**PROVIDED RECORDS**
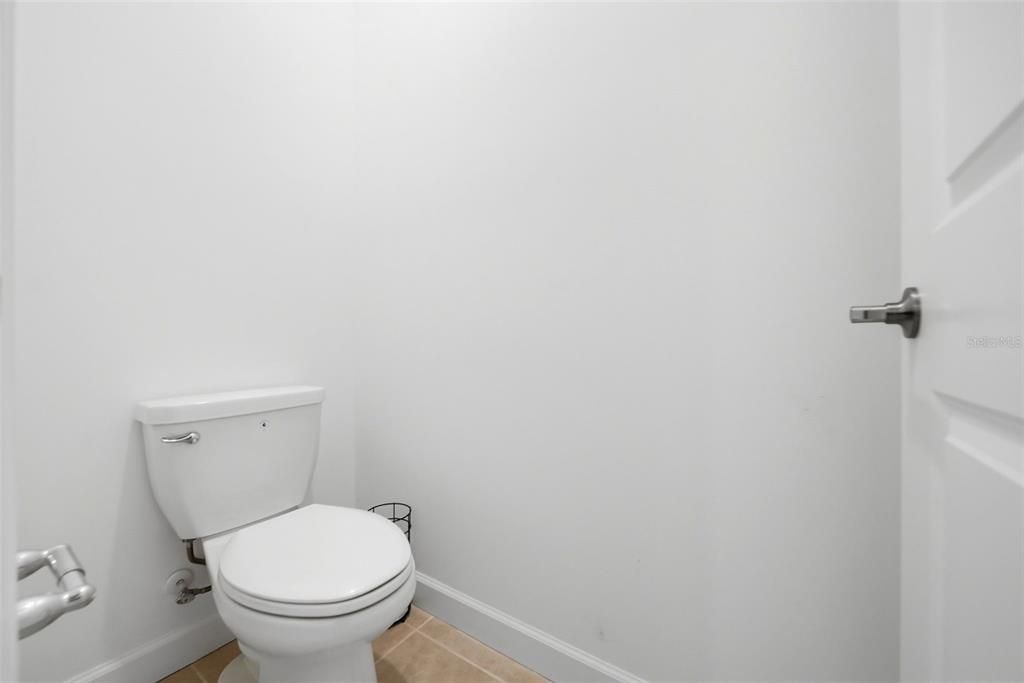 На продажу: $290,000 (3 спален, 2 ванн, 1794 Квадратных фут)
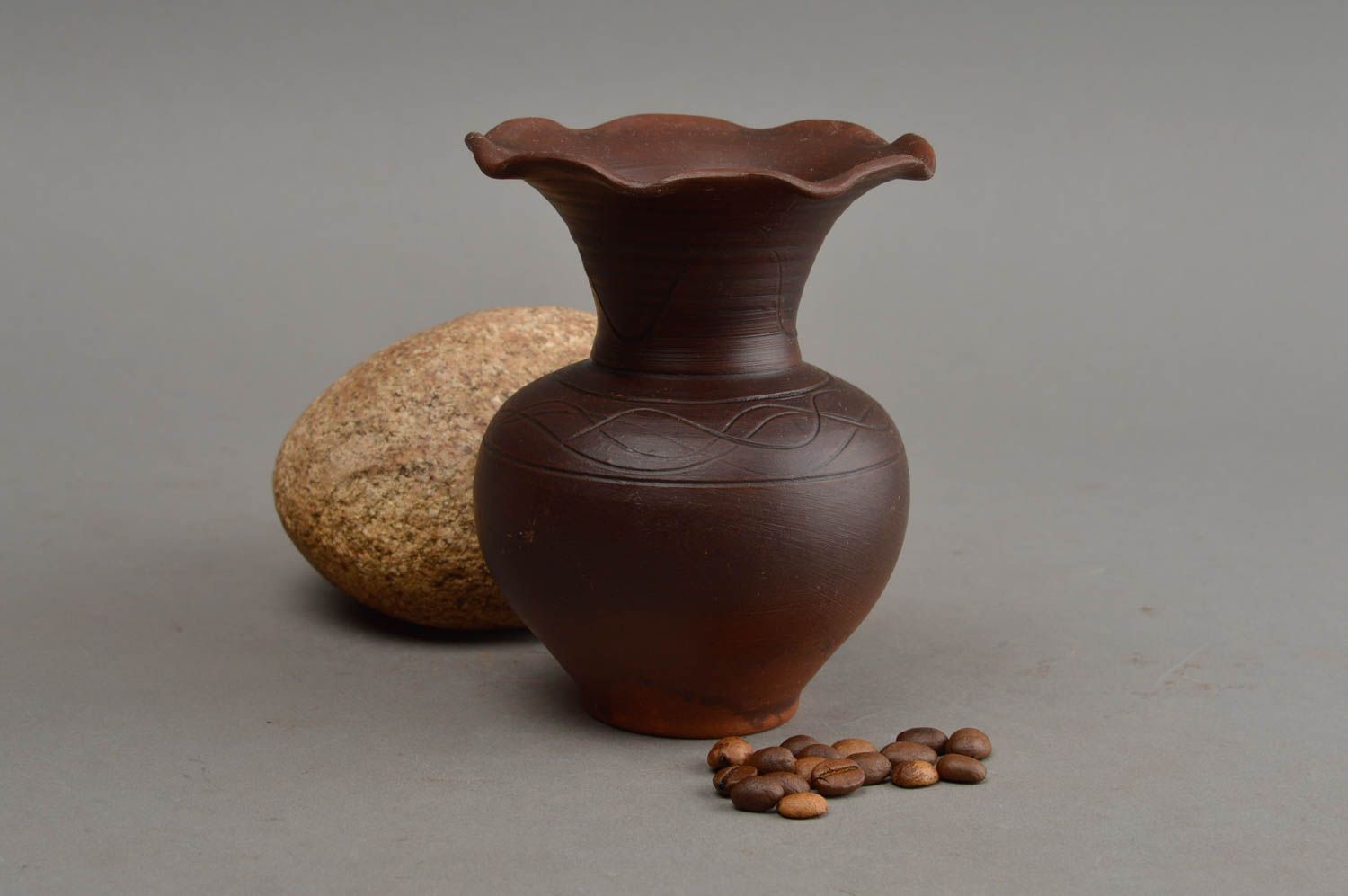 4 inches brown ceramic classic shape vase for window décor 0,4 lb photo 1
---
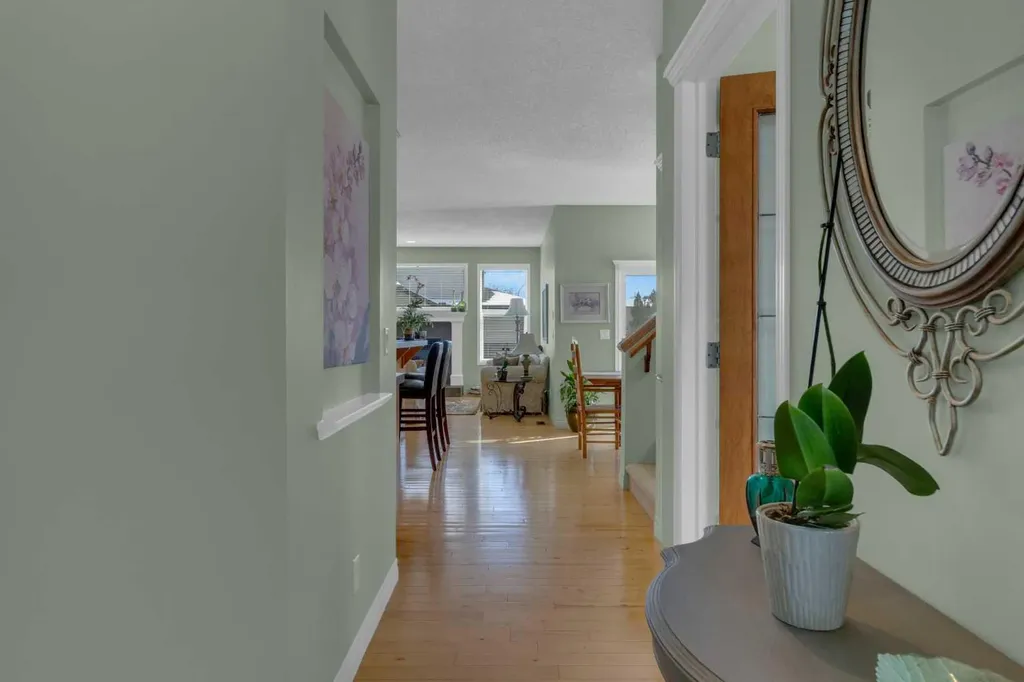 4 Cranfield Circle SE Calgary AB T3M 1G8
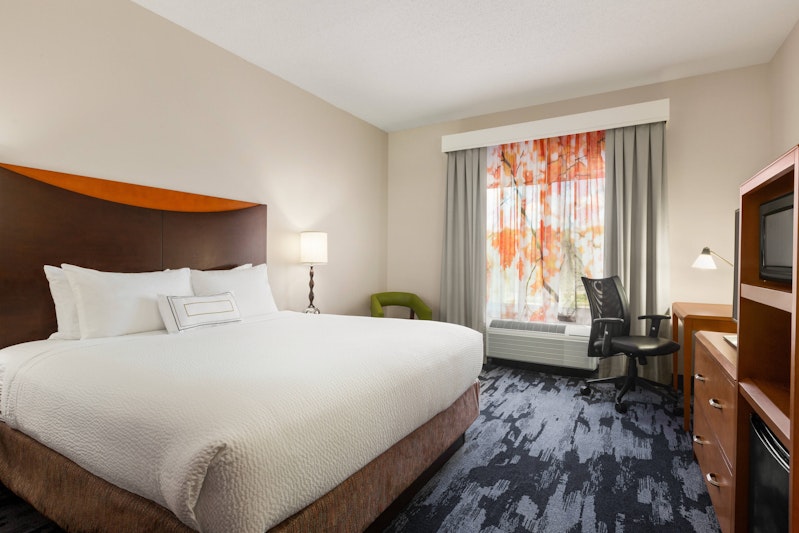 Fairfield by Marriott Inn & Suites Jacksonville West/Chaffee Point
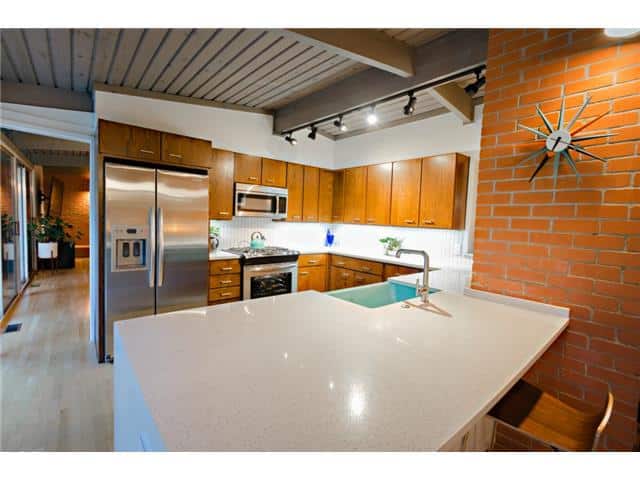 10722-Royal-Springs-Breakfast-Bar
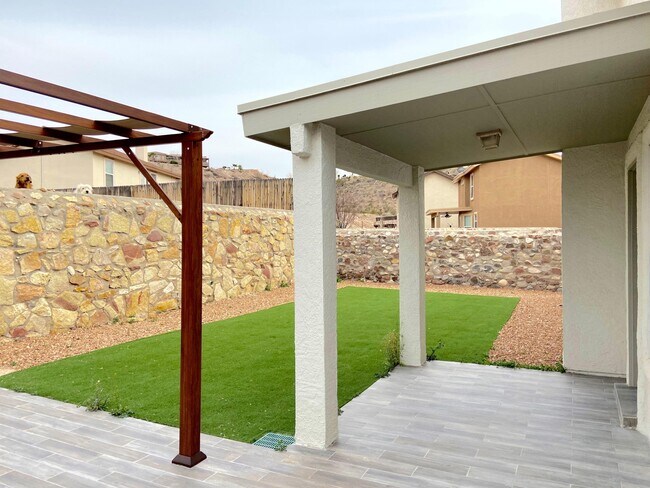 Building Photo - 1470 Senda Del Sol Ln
--
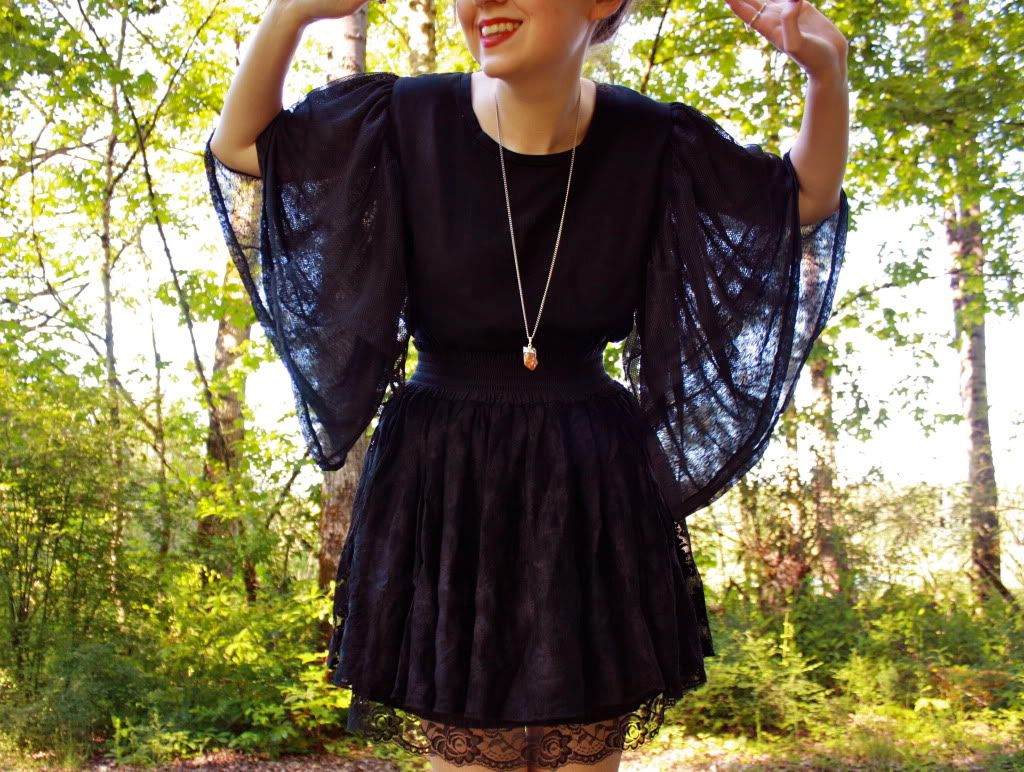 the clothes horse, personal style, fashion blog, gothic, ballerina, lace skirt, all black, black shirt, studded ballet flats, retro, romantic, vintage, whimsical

**AIM OF THE TASK**
Leaving out the pictures, please output the lines in the entries above from the one with "На продажу: $290,000" through the one with "4 inches brown", exactly as they are.

**SOLVED PROBLEM**
 На продажу: $290,000 (3 спален, 2 ванн, 1794 Квадратных фут)
 4 inches brown ceramic classic shape vase for window décor 0,4 lb photo 1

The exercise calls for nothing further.